Hays County, Texas
Intoxicated, my client wanted to make a “booty call” and stay overnight at the apartment of a female co-worker who lived close to their job. She says he can come over and sleep on her couch, but there will be no sex. She claims my client entered her bedroom and forced himself on her before passing out in her bed. When my client left the next morning, the accuser called a friend who came over right away. A sexual assault nurse examiner (SANE) testified as an expert witness that the accuser had injuries consistent with a sexual assault.
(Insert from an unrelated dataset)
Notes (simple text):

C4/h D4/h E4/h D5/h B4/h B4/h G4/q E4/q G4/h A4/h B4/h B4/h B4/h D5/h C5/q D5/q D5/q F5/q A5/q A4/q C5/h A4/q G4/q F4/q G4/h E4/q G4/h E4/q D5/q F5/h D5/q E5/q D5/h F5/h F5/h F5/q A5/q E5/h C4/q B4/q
Again, the path to victory was opened by way of solid and persistent cross-examination. By simply taking the accuser’s story step by step and drawing out more detail, her story became more and more convoluted. I cornered the accuser into admitting she’d had consensual sex with my client on previous occasions (sometimes in a rough manner) and that she’d crawled back into bed with him (both of them naked) after the alleged assault, after she had supposedly just “gotten away from him” and continually said “no.”
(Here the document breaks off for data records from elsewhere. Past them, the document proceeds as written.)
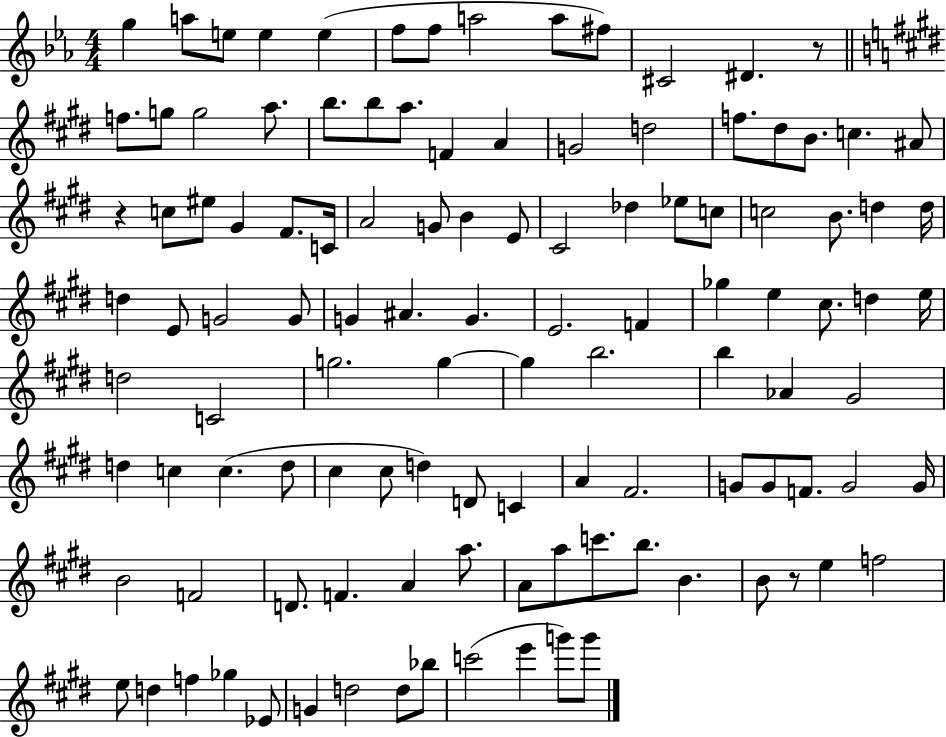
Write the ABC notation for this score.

X:1
T:Untitled
M:4/4
L:1/4
K:Eb
g a/2 e/2 e e f/2 f/2 a2 a/2 ^f/2 ^C2 ^D z/2 f/2 g/2 g2 a/2 b/2 b/2 a/2 F A G2 d2 f/2 ^d/2 B/2 c ^A/2 z c/2 ^e/2 ^G ^F/2 C/4 A2 G/2 B E/2 ^C2 _d _e/2 c/2 c2 B/2 d d/4 d E/2 G2 G/2 G ^A G E2 F _g e ^c/2 d e/4 d2 C2 g2 g g b2 b _A ^G2 d c c d/2 ^c ^c/2 d D/2 C A ^F2 G/2 G/2 F/2 G2 G/4 B2 F2 D/2 F A a/2 A/2 a/2 c'/2 b/2 B B/2 z/2 e f2 e/2 d f _g _E/2 G d2 d/2 _b/2 c'2 e' g'/2 g'/2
This would not necessarily have been enough to secure the win. After all, we cannot expect a sexual assault victim to behave rationally after a traumatic event, can we?
The prosecution called the accuser’s friend to testify as to what she saw that morning and to describe the accuser’s demeanor. Of course, she said that the accuser looked shell shocked, upset, like she had been raped. What I found interesting was that the police were not called until 5 hours after the friend arrived.
I also noticed that, by her demeanor on the witness stand, the friend seemed to have a vested interest in the outcome of the case. After pinning down the timeline, I asked the friend if she was herself the victim of a violent crime. This drew an objection from the prosecution, and after a lengthy hearing with the jury out of the courtroom, the judge allowed the question and the jury learned of the friend’s status as a sexual assault victim because it was relevant to her bias in favor of the accuser and against my client.
I was also able to get the friend to admit that the police were not called until soon after she and the accuser received a call from the accuser’s workplace indicating that my client had been bragging to fellow employees about having sex with the accuser before coming to work. This, of course, provided motive for the false accusation.
The jury found my client NOT GUILTY.